Volume Two has 13 pieces with Mat Maneri/viola and Whit Dickey/dr with lots of chirpy sounds between strings and horn on “Part 1” and “Part 5”. Dickey is crisp and busy throughout, rustling on ”Part 13” and playing with the cymbals on” Part 6” while scrambling on”Part 10”. Dark and hushed sounds weave in and out on “Part 2” and Perelman fluffs and shivers with Maneri on “Part 11.”

Volume 3 with Matthew Shipp/p and Gerald Cleaver/dr has 9 parts between 3-7 minutes. Ship gets bluesy on “3”, reflective on”7” and boppy with the leader on”9” while Perelman sighs on “2” and darkly floats over Cleaver’s ride cymbal on “6” whole the whole team hustles and bustles on “5.”

Volume 4 with William Parker/b and Gerald Cleaver/dr has only 3 songs. “Part 1” and “Part 3” are only 5 minutes long, with laconic howls and swirling reeds, while the 40 minute marathon of “Part 2” lets everyone get a muscular workout. Parker plucks, picks, strums and bows wile Cleaver rat a tats the snare, cymbal and  high hat around Perelman’s gruff huffs and puffs.

Volume 5 has Joe Morris/eg and Gerald Cleaver for 9 Parts. The electric guitar adds kinetic energy on the snappy ‘4” and shows a lazy blues feel on “8.” Guitar and tenor jab and poke on”6” while the two make dots and dashes around Cleavers’s drums on ”2” and get reflective on”5.” Squealing tenor sounds are deflected by Cleaver on ”7” and  “9” like a catcher handling a knuckleballer.

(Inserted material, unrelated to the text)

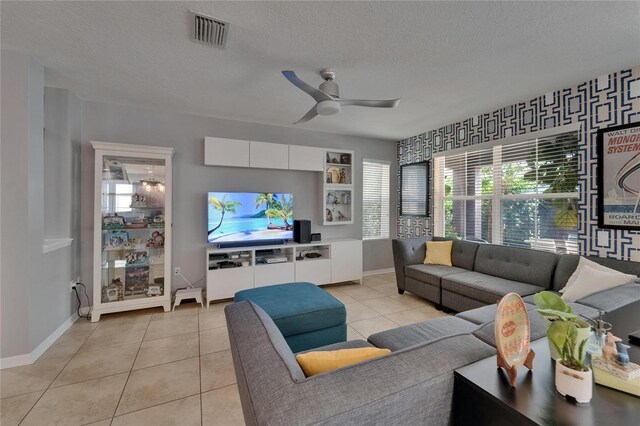 5914 Goldenbark Pl, Lithia, FL 33547 - living area with a textured ceiling, light tile patterned flooring, ceiling fan, and baseboards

Volulme 6 has the same musicians as 5, but Morris switches to bass for two songs. The 4 minute “Part 2” has Cleaver sounding like he’s shaking a box of marbles, and the exhaustive 42 minute “Part 1” Features restless stick work as Perelman and Morris whirl around each other like cars in the Magic Roundabout. Perelman crosses octaves at a single bound, and everyone has a long conversation with their instruments. WHEW!